ISLAMABAD: A key member of the Taliban has called for an end to the 10-year war in Afghanistan and for peace talks, demanding prisoner releases and an end to sanctions on rebel leaders to quicken the process.
“All sides should stop fighting and solve all their differences through dialogue and negotiations,” wrote Mullah Agha Jan Motasim, who until 2009 headed the political committee and is still influential in some Taliban circles, in a statement sent to AFP.
Motasim, who was finance minister in the 1996-2001 Taliban regime, welcomed “important preliminary steps” from all sides, such as the lifting of UN sanctions on former regime members, and said that as a result the Taliban were “inclined towards dialogue”.
But he called on the United Nations and United States to remove remaining Taliban names from the blacklist and demanded the immediate release from Guantanamo Bay of Taliban leaders.
“We believe that such steps of international community would help in bringing peace and stability and would become a source of persuading leaders of Islamic Emirate,” he wrote.
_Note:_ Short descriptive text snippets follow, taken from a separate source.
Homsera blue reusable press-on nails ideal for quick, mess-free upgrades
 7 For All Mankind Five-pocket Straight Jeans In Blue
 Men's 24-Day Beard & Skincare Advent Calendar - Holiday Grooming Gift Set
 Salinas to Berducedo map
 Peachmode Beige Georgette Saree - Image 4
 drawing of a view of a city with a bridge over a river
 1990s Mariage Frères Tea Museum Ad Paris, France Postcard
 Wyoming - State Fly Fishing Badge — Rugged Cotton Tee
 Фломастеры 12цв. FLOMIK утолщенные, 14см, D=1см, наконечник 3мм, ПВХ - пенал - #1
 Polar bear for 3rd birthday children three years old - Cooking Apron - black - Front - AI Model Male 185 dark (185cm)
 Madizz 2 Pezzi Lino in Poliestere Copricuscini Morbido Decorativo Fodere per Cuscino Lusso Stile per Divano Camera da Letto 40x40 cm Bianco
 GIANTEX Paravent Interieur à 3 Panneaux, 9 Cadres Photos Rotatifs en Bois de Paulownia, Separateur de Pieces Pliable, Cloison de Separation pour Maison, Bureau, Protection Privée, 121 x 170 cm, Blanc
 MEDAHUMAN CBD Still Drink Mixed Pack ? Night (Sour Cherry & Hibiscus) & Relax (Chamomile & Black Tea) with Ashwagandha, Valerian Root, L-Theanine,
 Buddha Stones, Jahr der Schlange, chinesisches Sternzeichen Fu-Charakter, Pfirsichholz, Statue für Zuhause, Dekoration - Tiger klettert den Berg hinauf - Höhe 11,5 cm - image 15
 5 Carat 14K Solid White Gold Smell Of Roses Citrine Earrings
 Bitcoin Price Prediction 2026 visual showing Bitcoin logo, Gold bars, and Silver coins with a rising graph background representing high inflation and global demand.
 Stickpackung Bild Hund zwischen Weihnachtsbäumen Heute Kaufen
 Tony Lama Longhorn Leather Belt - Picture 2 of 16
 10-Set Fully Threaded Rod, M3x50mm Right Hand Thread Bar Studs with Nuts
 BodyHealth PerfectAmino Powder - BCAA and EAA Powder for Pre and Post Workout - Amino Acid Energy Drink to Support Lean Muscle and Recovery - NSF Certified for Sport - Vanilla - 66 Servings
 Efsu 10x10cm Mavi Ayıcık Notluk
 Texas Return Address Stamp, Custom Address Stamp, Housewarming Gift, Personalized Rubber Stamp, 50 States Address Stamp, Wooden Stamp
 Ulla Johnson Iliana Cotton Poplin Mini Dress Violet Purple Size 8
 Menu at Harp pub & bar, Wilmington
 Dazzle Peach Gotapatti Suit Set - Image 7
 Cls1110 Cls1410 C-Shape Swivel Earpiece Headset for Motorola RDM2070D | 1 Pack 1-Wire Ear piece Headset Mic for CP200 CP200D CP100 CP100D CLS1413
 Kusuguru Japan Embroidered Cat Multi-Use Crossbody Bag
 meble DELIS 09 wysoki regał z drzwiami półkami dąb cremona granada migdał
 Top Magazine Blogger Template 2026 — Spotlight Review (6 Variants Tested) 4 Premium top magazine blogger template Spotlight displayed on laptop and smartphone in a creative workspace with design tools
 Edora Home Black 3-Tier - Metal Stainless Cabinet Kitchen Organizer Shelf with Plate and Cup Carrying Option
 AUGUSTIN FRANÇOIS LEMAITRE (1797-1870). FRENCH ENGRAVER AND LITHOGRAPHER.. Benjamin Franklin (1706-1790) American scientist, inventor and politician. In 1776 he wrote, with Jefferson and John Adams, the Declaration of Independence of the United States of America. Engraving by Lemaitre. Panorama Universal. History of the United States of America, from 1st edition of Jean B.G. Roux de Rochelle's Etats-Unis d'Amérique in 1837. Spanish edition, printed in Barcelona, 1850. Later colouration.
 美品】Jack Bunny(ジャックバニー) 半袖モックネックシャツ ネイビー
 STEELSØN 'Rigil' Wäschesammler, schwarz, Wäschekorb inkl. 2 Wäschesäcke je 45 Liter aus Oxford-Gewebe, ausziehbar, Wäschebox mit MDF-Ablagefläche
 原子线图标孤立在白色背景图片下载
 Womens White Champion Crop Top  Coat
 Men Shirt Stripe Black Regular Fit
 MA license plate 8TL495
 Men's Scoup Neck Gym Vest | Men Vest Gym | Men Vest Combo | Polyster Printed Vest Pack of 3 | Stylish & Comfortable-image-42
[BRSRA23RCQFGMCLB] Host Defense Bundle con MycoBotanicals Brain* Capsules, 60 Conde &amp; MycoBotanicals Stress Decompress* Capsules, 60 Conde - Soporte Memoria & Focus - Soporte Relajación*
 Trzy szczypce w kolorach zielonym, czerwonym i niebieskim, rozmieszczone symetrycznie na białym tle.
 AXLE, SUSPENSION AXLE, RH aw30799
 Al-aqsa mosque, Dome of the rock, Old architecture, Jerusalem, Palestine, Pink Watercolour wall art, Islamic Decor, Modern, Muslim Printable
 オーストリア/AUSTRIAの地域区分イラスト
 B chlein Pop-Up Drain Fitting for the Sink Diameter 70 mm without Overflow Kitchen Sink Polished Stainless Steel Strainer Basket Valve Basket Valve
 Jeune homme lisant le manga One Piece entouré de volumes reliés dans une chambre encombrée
The United Nations removed Motasim's name from the sanctions list on July 19, at the time describing him as a Taliban fund-raiser who travels frequently in the Gulf and who is related to Taliban commander-in-chief Mullah Omar.
As with Mullah Abdul Ghani Baradar, once described as the Taliban second in command, Motasim is considered a moderate voice within an increasingly divided movement.
Both men were arrested in 2010 in Pakistan, but while Baradar is still in custody, Motasim was swiftly released. After he was nearly killed by gunmen in Karachi, he moved to Turkey where he was treated.
Earlier this year, Motasim accused members of a radical Taliban wing of having him removed from the leadership and organising the Karachi assassination attempt because they opposed his call for peace talks.
In a recent statement, a Taliban spokesman said Motasim no longer had any leadership role in the rebellion and that his remarks did not reflect their position.
But Motasim insists he is still part of Taliban and that only a direct decree from Mullah Omar can remove him.
Contacts in recent years between the Taliban and the West designed to avert civil war after the bulk of Nato combat troops leave Afghanistan at the end of 2014 have yet to yield a concrete agreement or an end to fighting in the country.